▶ Work item
Write out the listing exactly, dropping any picture it contains.

Data below START

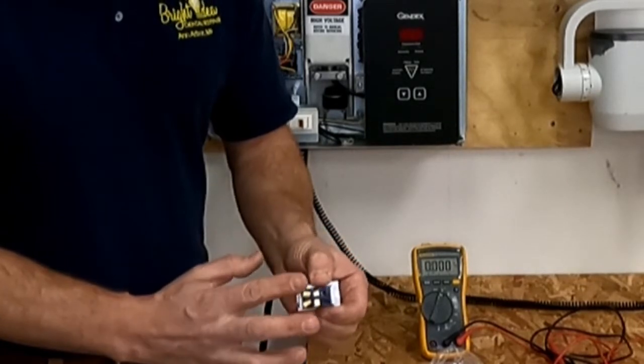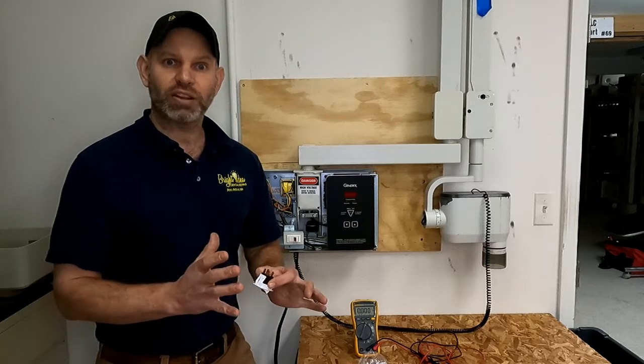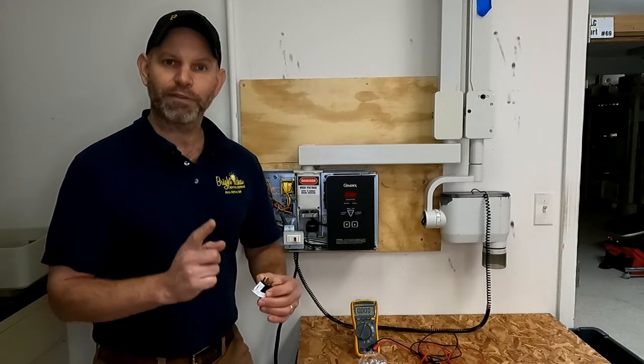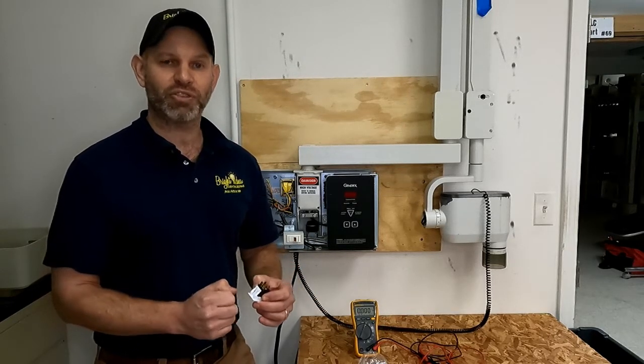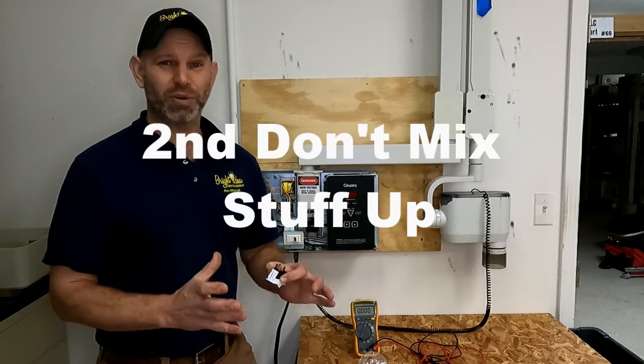This switch is configured in a certain way — two of the prongs are bent at 45-degree angles and two are straight. We're going to do two things when we do this job: the first is to make sure that we're safe, and the second is to make sure we don't mix up any of these wires.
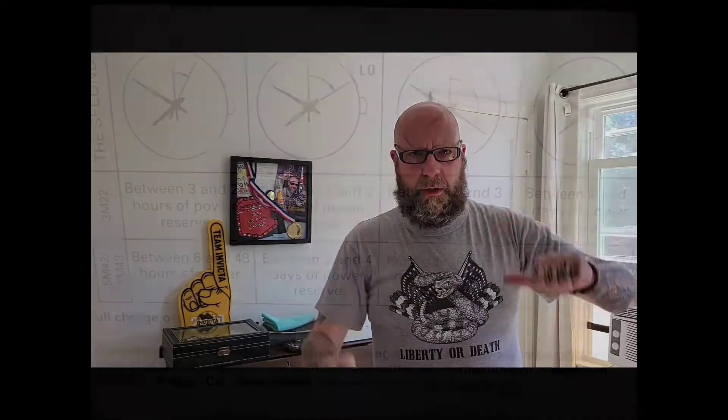Hi everybody, it's your boy Steve from The Watch Corner, and today we're going to be reviewing the vintage Seiko Kinetic, June of 1997, from my homie Darpa Blows. I will pin a comment in the description — go over and follow his Instagram account, he has good content. So let's go ahead and get this review started.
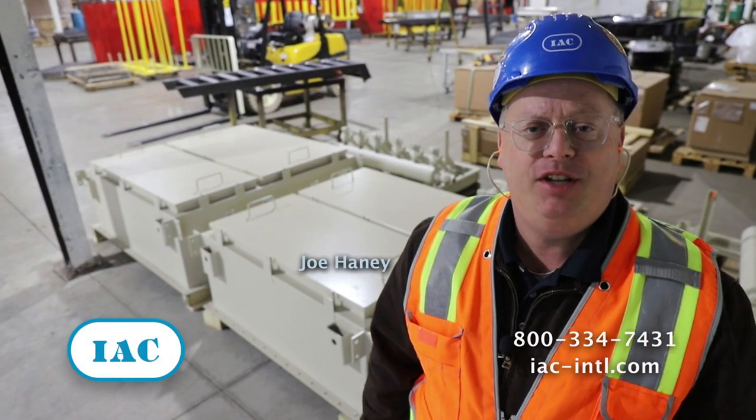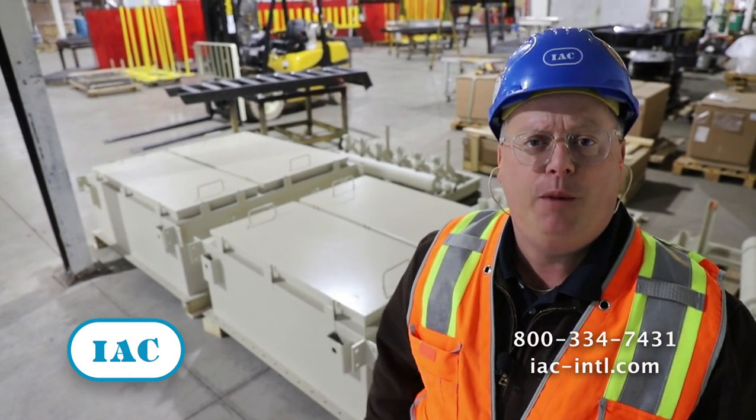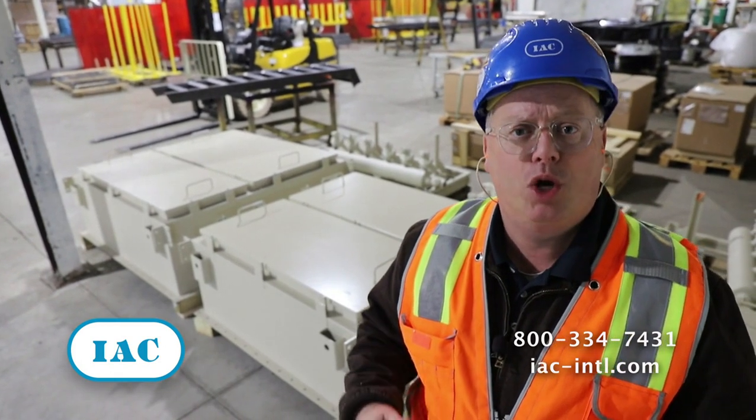Hey, it's Joe from IAC — Industrial Accessories Company. Right behind me here you can see some prime clean air plenums for some of the most common sized bag houses that we build. This is part of our new quick ship program.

Data below END

▶ Task response
This switch is configured in a certain way — two of the prongs are bent at 45-degree angles and two are straight. We're going to do two things when we do this job: the first is to make sure that we're safe, and the second is to make sure we don't mix up any of these wires.
Hi everybody, it's your boy Steve from The Watch Corner, and today we're going to be reviewing the vintage Seiko Kinetic, June of 1997, from my homie Darpa Blows. I will pin a comment in the description — go over and follow his Instagram account, he has good content. So let's go ahead and get this review started.
Hey, it's Joe from IAC — Industrial Accessories Company. Right behind me here you can see some prime clean air plenums for some of the most common sized bag houses that we build. This is part of our new quick ship program.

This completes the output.